Clara Morassi Stanta in quei quaranta giorni del '45 perse il padre Giovanni, prelevato da casa nella notte del 3 maggio e mai più ritornato, scomparso senza che ne si sapesse mai più nulla. Il 10 febbraio dello scorso anno, nella Giornata del Ricordo, al Quirinale Clara Morassi Stanta ha ricevuto dalle mani del presidente Napolitano la medaglia d'oro assieme ai familiari di altre ventun vittime. Pochi mesi dopo la signora Morassi Stanta è stata nominata cavaliere della Repubblica proprio per il suo impegno in seno al Comitato dei congiunti dei deportati in Jugoslavia, oltre che per la sua opera nella Croce Rossa.
Oggi Napolitano giunge a Gorizia ma la rapidità della visita in città non permette alcun incontro con il Comitato dei congiunti. Se fosse stato possibile poter parlare con il Presidente della Repubblica Clara Morassi Stanta lo avrebbe invitato a farsi interprete con le autorità d'oltre confine perchè siano finalmente aperti tutti gli archivi, sia finalmente detta una parola definitiva sulla sorte degli oltre seicento goriziani deportati in Jugoslavia a guerra finita. «Noi vorremmo solo deporre un fiore sulle tombe o sulle foibe dove sono finiti i nostri cari» commenta la signora Morassi.

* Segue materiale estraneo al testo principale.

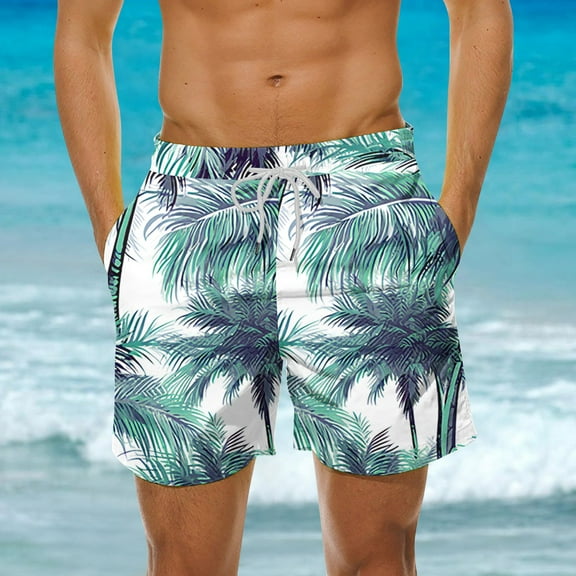 guisaled Mens Bathing Suit Men's Swim Trunks, Quick Dry Swimming Beach Board Shorts, Fashion Hawaii Printed Lightweight Swimwear Bottom Bathing Suits With Pockets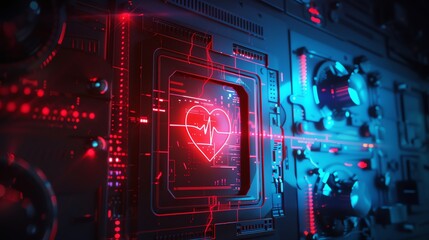 Poster - Futuristic medical technology concept with a glowing heart symbol on a digital circuit board, depicting advancements in healthcare and AI integration.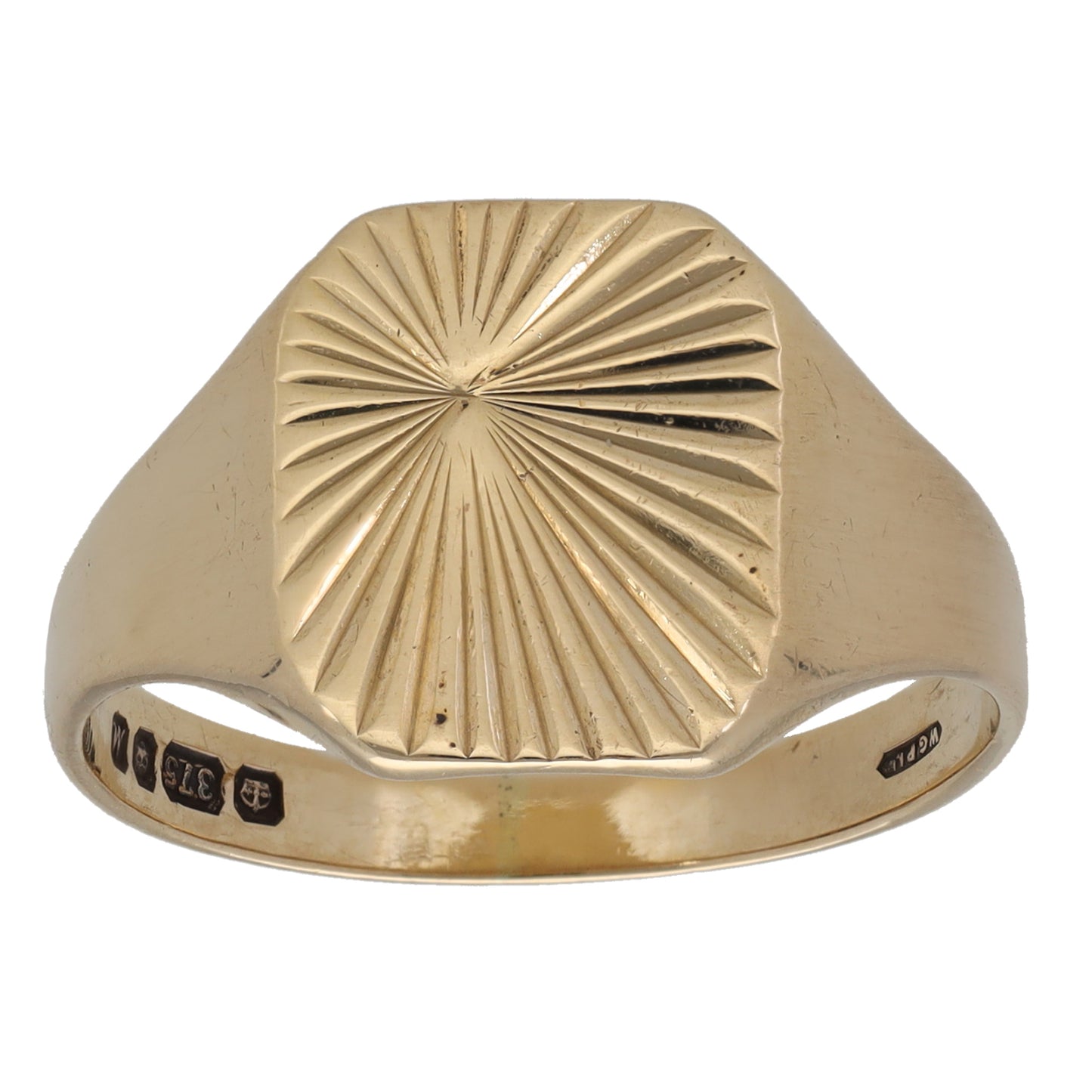 9ct Gold Patterned Signet Ring Size S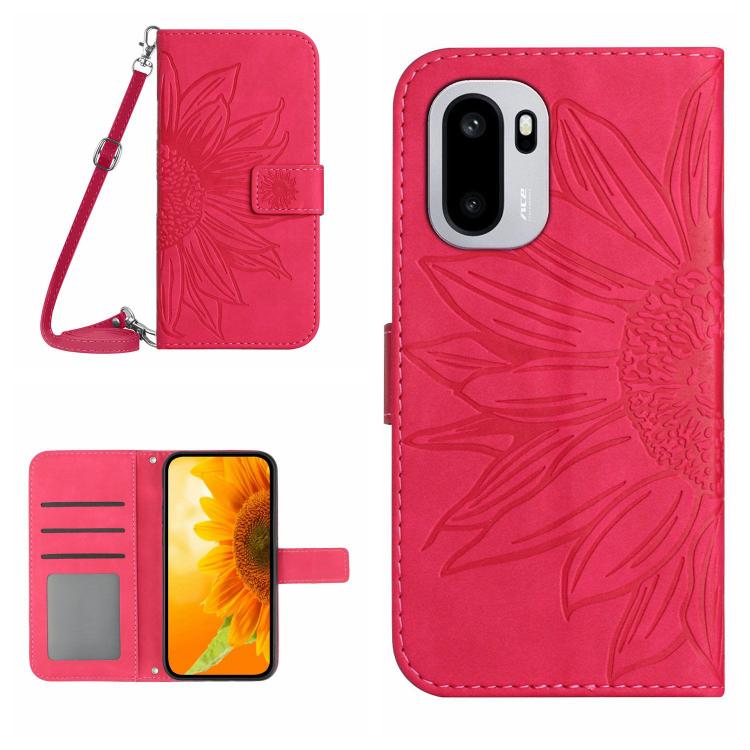 Custodia in pelle goffrata Sun Flower con cordino per OnePlus Nord 6 5G e 15R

A fine 2005 la consegna dei risultati della prima parte di uno studio condotto dalla storica slovena Natasa Nemec – che indicava il momento della cattura e qualche altra piccola notizia di 1400 italiani: civili, militari, poliziotti finiti in mano ai partigiani jugoslavi – aveva riacceso la speranza di poter conoscere in tutti i dettagli la sorte dei deportati. Ma, dopo quel primo elenco – che a Clara Morassi Stanta era stato consegnato dall'allora sindaco Vittorio Brancati, il quale l'aveva ricevuto dal suo  collega di Nova Gorica Mirko Brulc al termine di un paziente lavoro diplomatico – nessun passo avanti è stato più fatto. «Ci sono state sollecitazioni, ma si è fermato tutto, non c'è stata alcuna risposta – commenta Clara Morassi -. Io comunque vado avanti per la mia strada con tanta grinta. La grinta che mi viene da questi due anni trascorsi in prefettura (dove il Comitato era stato ospite) a contatto con tanti, tantissimi familiari di deportati che si sono rivolti a noi perfino dall'Australia.
Sembra incredibile ma sappiamo ormai tutto su chi è morto ad esempio sul fronte russo a migliaia e migliaia di chilometri da qui e non riusciamo a sapere nulla su chi ha trovato la morte a trenta chilometri da casa. Ecco perchè finchè sarò viva continuerò a lottare per sapere la verità».